Sufre por la pena de María, de Marta, su propia pena.
Jesús
tenía amigos. Tenía amistades hondas, verdaderas, eternas. No quiero pasar
por la vida sin emocionarme por el dolor de los hombres, sin conmoverme al
perder a quienes quiero. No quiero vivir sin ahondar en mis vínculos.
El
otro día una persona me decía: “¿Vosotros también tenéis personas a las
que queréis de forma especial?”. Me llamó la atención la pregunta. Los
sacerdotes claro que amamos. Queremos. Echamos raíces en corazones humanos.

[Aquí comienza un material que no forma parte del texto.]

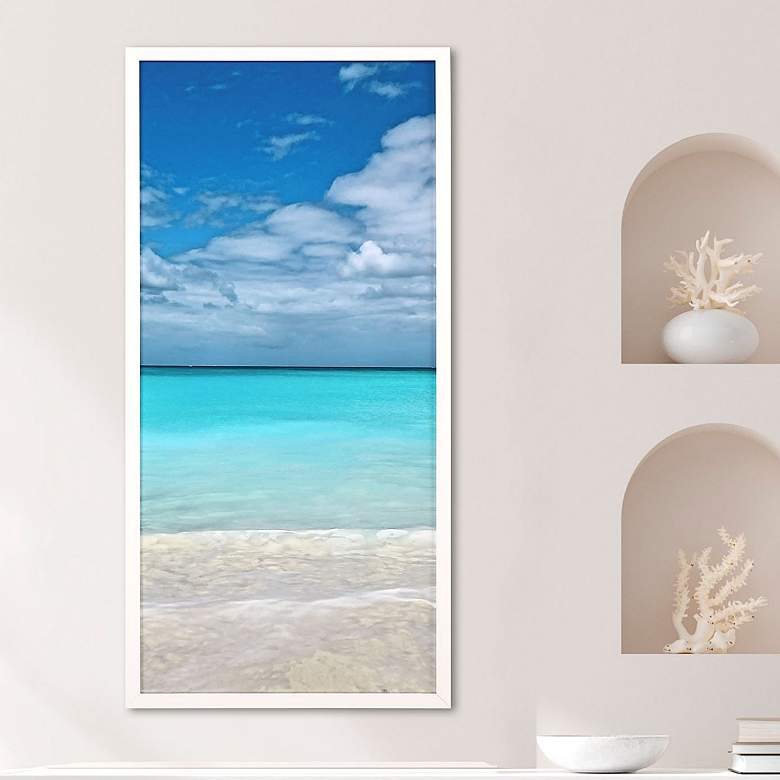 Image 2 Come Sea Me II 42" High Rectangular Giclee Framed Wall Art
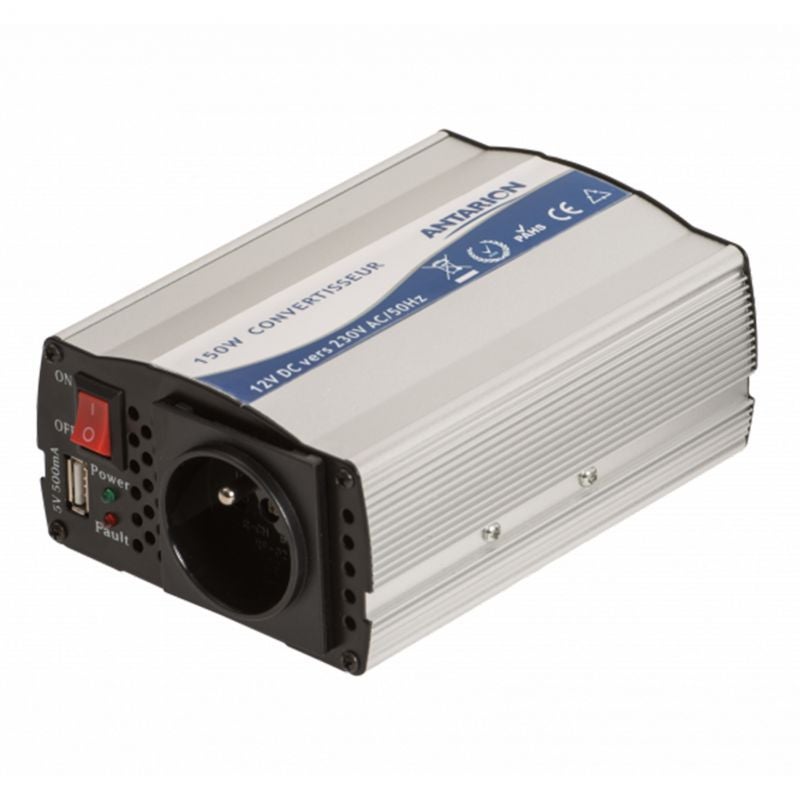 NX - Convertisseur DC/AC 12/230V 150W quasi-sinudoïdal - Sortie allume- cigare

Porque el amor humano me lleva al corazón de Dios. Porque ese amor que recibo y
doy es un reflejo pálido de ese amor incondicional que Dios me tiene.
Jesús
amaba con lágrimas, con risas, con hondura. El otro día leía: “Jesús se
sienta a la mesa con los pecadores no como juez severo, sino como amigo
acogedor. El reino de Dios es gracia antes que juicio. Dios es una buena
noticia, no una amenaza. Los pecadores y las prostitutas pueden alegrarse,
beber vino y cantar junto a Jesús. Estas comidas son un auténtico ‘milagro’ que
los va curando por dentro. Empiezan a intuir que Dios no es un juez siniestro
que les espera airado; es un amigo que se les acerca ofreciendo su amistad”[1].
La
amistad con Jesús sana por dentro al que se sabe amado. Igual que mi amor
sana a otros. Un amor de carne y alma. No un amor etéreo. Quiero cuidar el amor
humano que doy y recibo. Igual que quiero cuidar mi amistad con Jesús.
Los
amigos se eligen, no nos vienen impuestos. La amistad no se puede exigir, se da
o no se da. Es un don gratuito. No quiero mendigar amigos, amores humanos. Pero quiero
cuidar a los que Dios ha puesto en mi camino. La amistad vive de la gratuidad.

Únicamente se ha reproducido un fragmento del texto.